Another issue with using memcached for a page cache for nginx is that keys are limited to 250 bytes. If the page cache is keyed based on the URI, this limit can easily be reached. To combat this, I took the memcached_pass module and added a step that hashes the key using SHA-256. This produces a nice 64 byte key that is the base 16 (hex) representation of the hash.

memcached_hash_pass on GitHub
Direct link: git://github.com/dctrwatson/nginx-memcached-hash-pass.git

upstream_consistent on GitHub
Direct link: git://github.com/dctrwatson/nginx-upstream-consistent.git

To use these modules, nginx has to be recompiled. A great guide to nginx modules can be found on Evan Miller’s site.

Download the latest Nginx source

Quick and easy to compile in the modules:

./configure  --add-module=/path/to/ngx_http_memcached_hash_module \
		--add-module=/path/to/ngx_http_upstream_consistent_module
make
make install

For defining the memcached cluster, just add ‘consistent’ to the upstream definition. If you want to change the weight from the default ‘1’, add the weight attribute to the server definition. Common way is weighting each server by the amount of memory dedicated to each memcached server.
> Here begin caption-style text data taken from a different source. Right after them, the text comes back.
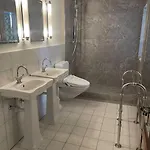 Exclusive 160mq Castle In *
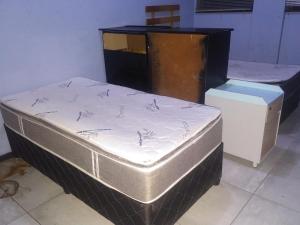 Postel nebo postele na pokoji v ubytování 50 stiemens street , braamfontein , 2050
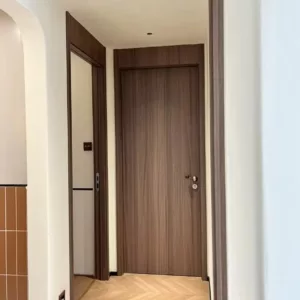TRINVD00138 – Premium Lacquered Interior Door | High-Gloss Finish, Scratch-Resistant, Custom Size & Color, MDF/Plywood/Solid Wood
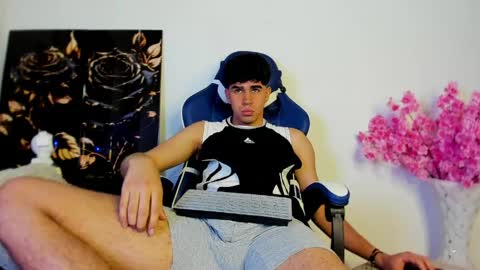 Snapshot of andy_wood1 chatting on April 11, 2026, 6:56 pm andy_wood1 online show from April 11, 2026, 6:56 pm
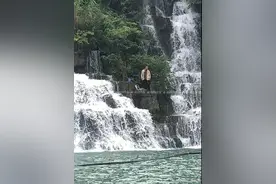 男子钓鱼突然被困瀑布中间，原因又好笑又好气图片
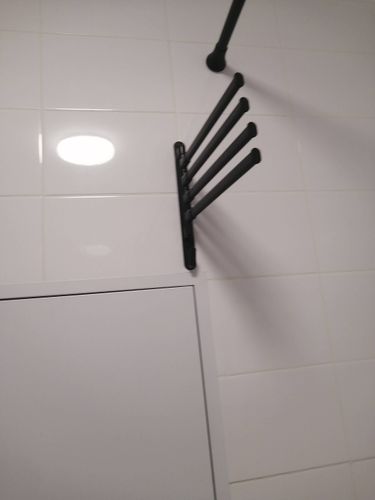 Изображение демонстрирует завершённую установку зеркала на стену. Зеркало аккуратно закреплено, обеспечивая надёжность и устойчивость. Работа выполнена с учётом всех стандартов качества.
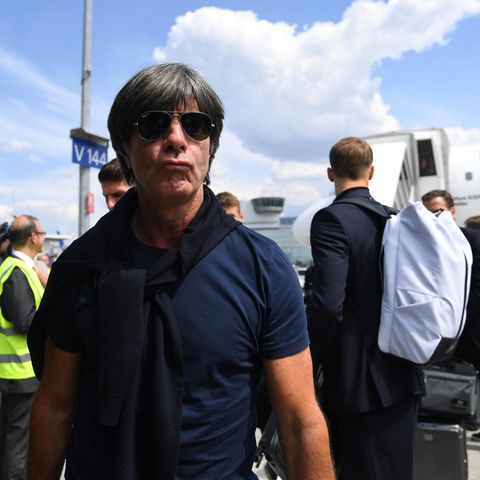 Joachim Löw auf dem Flughafen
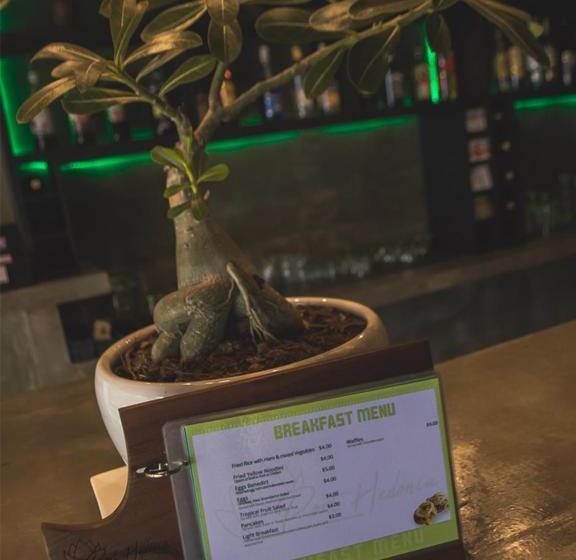 리조트 Port Hedonia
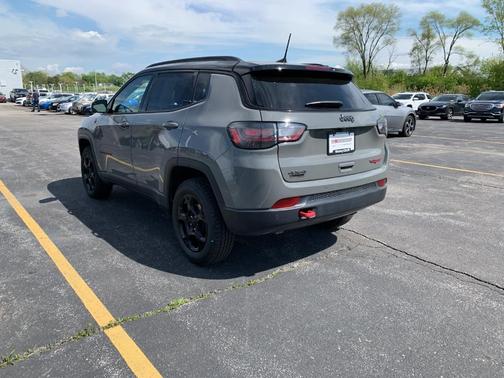 2024 Jeep Compass Trailhawk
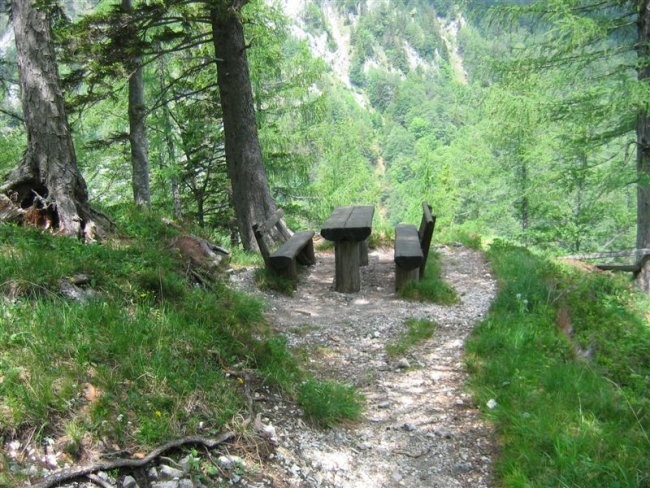 Prijazna klopca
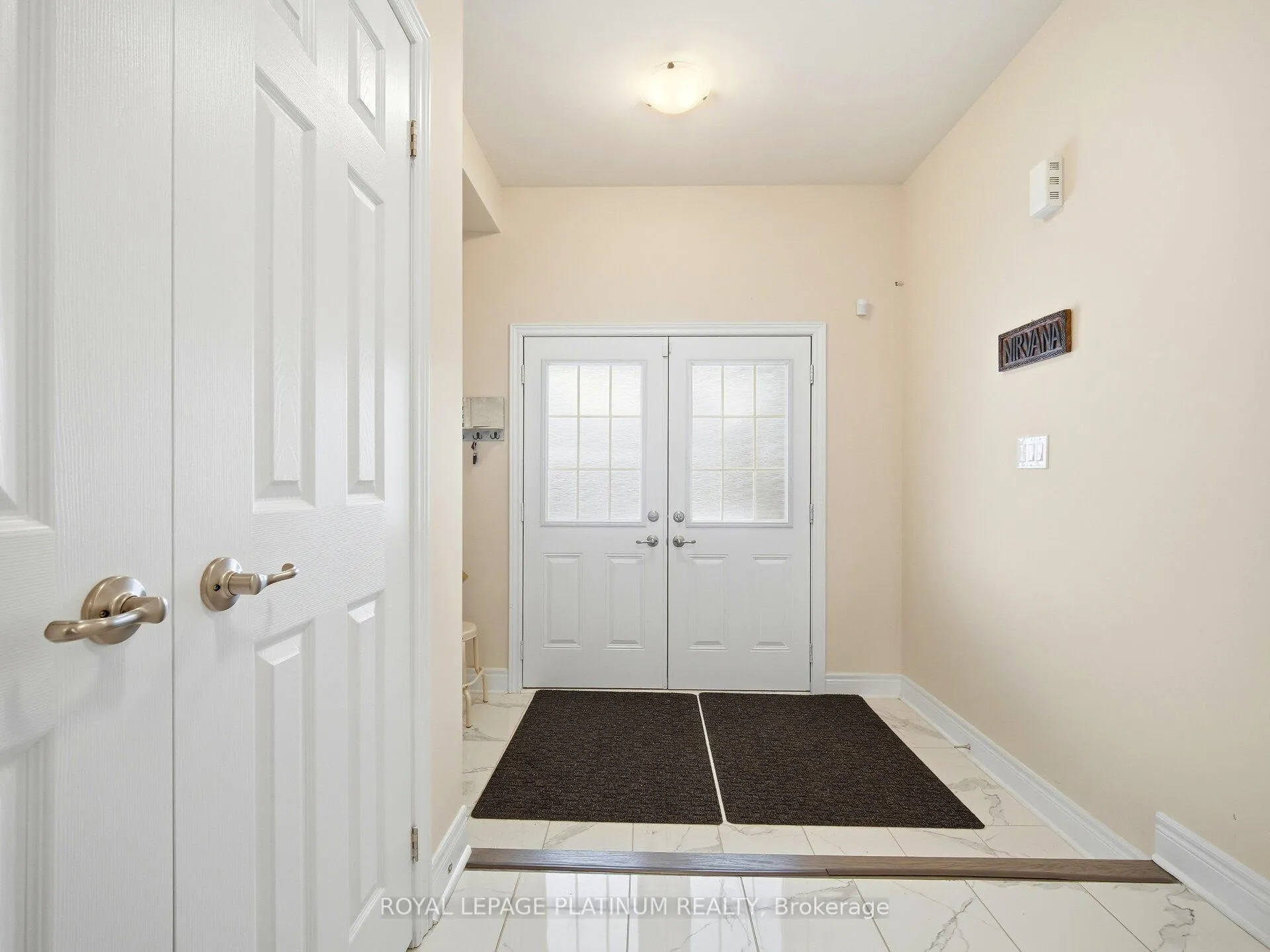 Photo 6 of 28 Overstone Road, Halton Hills, Georgetown — HOMEH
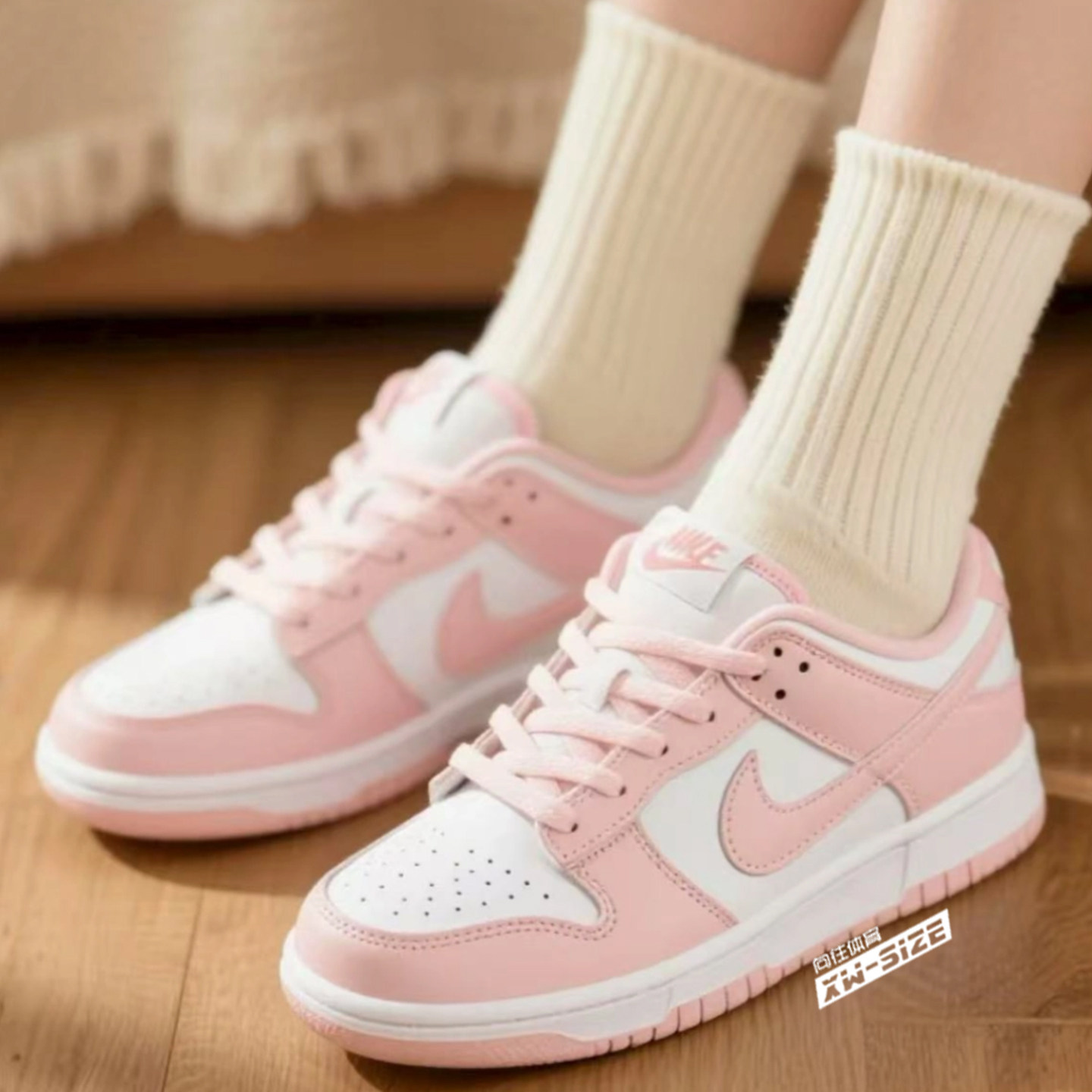 向往体育 Nike/耐克Dunk Low粉白低帮复古休闲板鞋 FB9109-125,淘宝优惠券,粉丝福利购,淘宝优惠卷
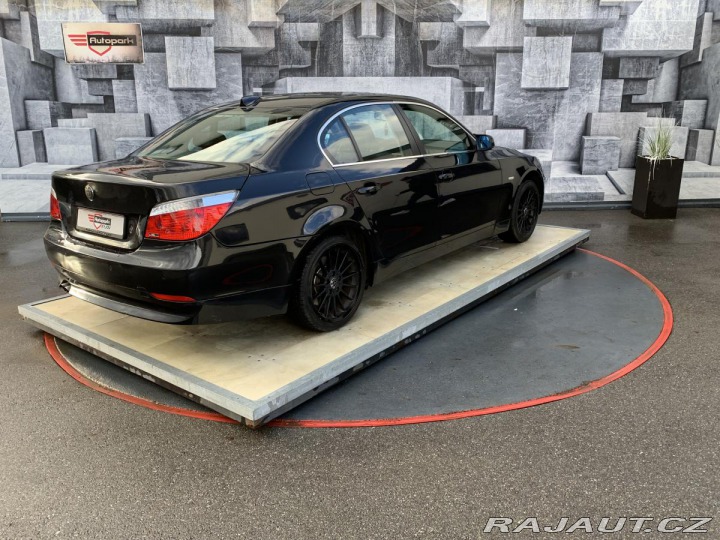 BMW 5 530Xi, 3.0i, 190KW 2004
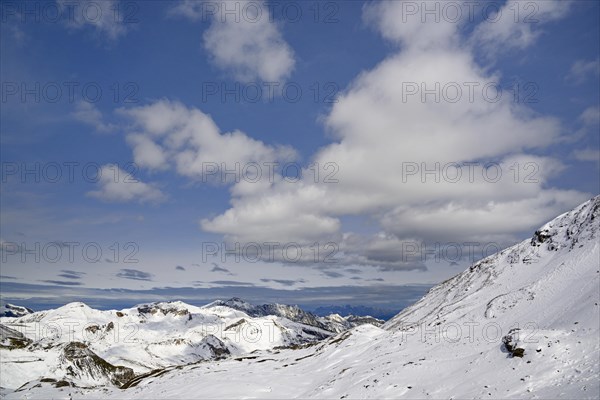 View from the Hochtor to Edelweissspitze 2572 m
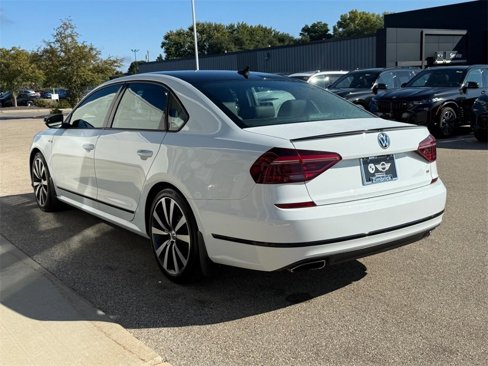 Used 2018 Volkswagen Passat 3.6 image 5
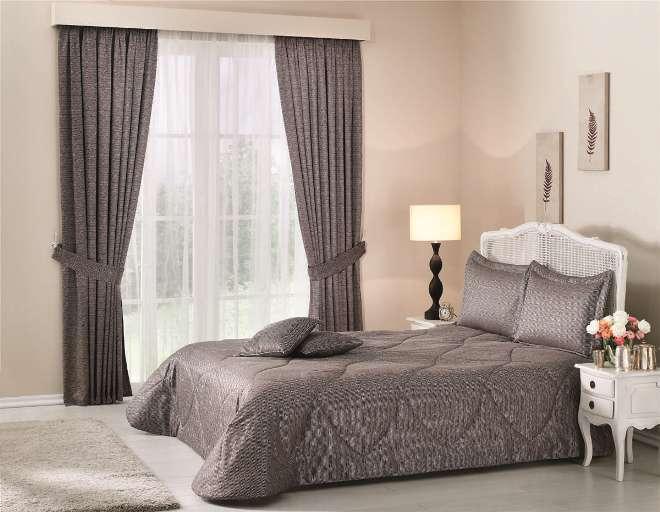 Покрывало на кровать в спальню в современном стиле (71 фото)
upstream memcached_cluster {
    server 10.0.1.2:11211;
    server 10.0.1.3:11211;
    server 10.0.1.2:11212;
    server 10.0.1.3:11212;
    consistent;
}

The memcached_hash_pass module is analogous to memcached_pass.

location / {
    set $memcached_hash_key $request_uri;
    memcached_hash_pass memcached_cluster;
    error_page 404 = @cache_miss;
}
location @cache_miss {
    internal;
    proxy_pass http://my-app-cluster;
}
  • Pingback: Tweets that mention Nginx modules for a memcached page cache cluster « Dctr Watson -- Topsy.com()

  • Pingback: ehcache.net()

  • http://www.facebook.com/artem.yankov Artem Yankov

    Cool stuff. Which version of nginx did you use?
    I tried to compile with nginx 0.6.39, but it throws errors
    ../nginx-memcached-hash-pass/ngx_http_memcached_hash_module.c:77: error: ‘ngx_http_upstream_bind_set_slot’ undeclared here (not in a function)

    • http://www.dctrwatson.com John Watson

      Originally developed against 0.8.x but I can confirm it works with 1.0.x as well.